__Task prompt__
Write the entries below out again in full. Match every character.
>>
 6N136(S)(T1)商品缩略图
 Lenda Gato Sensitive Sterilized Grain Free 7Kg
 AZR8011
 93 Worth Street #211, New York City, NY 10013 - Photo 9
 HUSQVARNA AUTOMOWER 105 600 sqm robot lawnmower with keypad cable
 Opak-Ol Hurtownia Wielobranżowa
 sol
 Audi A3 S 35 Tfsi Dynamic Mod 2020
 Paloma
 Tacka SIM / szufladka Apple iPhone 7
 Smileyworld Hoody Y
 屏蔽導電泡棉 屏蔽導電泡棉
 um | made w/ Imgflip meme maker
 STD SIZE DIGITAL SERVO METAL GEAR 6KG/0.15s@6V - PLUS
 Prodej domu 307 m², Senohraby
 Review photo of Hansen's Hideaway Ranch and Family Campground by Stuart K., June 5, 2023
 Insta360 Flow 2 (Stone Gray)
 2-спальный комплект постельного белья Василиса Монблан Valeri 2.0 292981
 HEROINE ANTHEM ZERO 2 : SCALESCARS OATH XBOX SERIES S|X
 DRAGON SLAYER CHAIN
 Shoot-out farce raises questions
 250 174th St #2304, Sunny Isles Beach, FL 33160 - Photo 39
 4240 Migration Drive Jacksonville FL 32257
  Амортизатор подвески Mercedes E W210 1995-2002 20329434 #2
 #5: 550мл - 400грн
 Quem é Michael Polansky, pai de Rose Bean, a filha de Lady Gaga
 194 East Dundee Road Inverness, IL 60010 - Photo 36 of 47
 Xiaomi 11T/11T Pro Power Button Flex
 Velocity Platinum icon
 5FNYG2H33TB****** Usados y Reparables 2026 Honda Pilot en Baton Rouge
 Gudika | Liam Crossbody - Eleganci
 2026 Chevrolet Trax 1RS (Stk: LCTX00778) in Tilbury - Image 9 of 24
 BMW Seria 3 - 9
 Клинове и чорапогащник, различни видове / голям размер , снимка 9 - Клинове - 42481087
<<
__Answer to the exercise__
 6N136(S)(T1)商品缩略图
 Lenda Gato Sensitive Sterilized Grain Free 7Kg
 AZR8011
 93 Worth Street #211, New York City, NY 10013 - Photo 9
 HUSQVARNA AUTOMOWER 105 600 sqm robot lawnmower with keypad cable
 Opak-Ol Hurtownia Wielobranżowa
 sol
 Audi A3 S 35 Tfsi Dynamic Mod 2020
 Paloma
 Tacka SIM / szufladka Apple iPhone 7
 Smileyworld Hoody Y
 屏蔽導電泡棉 屏蔽導電泡棉
 um | made w/ Imgflip meme maker
 STD SIZE DIGITAL SERVO METAL GEAR 6KG/0.15s@6V - PLUS
 Prodej domu 307 m², Senohraby
 Review photo of Hansen's Hideaway Ranch and Family Campground by Stuart K., June 5, 2023
 Insta360 Flow 2 (Stone Gray)
 2-спальный комплект постельного белья Василиса Монблан Valeri 2.0 292981
 HEROINE ANTHEM ZERO 2 : SCALESCARS OATH XBOX SERIES S|X
 DRAGON SLAYER CHAIN
 Shoot-out farce raises questions
 250 174th St #2304, Sunny Isles Beach, FL 33160 - Photo 39
 4240 Migration Drive Jacksonville FL 32257
  Амортизатор подвески Mercedes E W210 1995-2002 20329434 #2
 #5: 550мл - 400грн
 Quem é Michael Polansky, pai de Rose Bean, a filha de Lady Gaga
 194 East Dundee Road Inverness, IL 60010 - Photo 36 of 47
 Xiaomi 11T/11T Pro Power Button Flex
 Velocity Platinum icon
 5FNYG2H33TB****** Usados y Reparables 2026 Honda Pilot en Baton Rouge
 Gudika | Liam Crossbody - Eleganci
 2026 Chevrolet Trax 1RS (Stk: LCTX00778) in Tilbury - Image 9 of 24
 BMW Seria 3 - 9
 Клинове и чорапогащник, различни видове / голям размер , снимка 9 - Клинове - 42481087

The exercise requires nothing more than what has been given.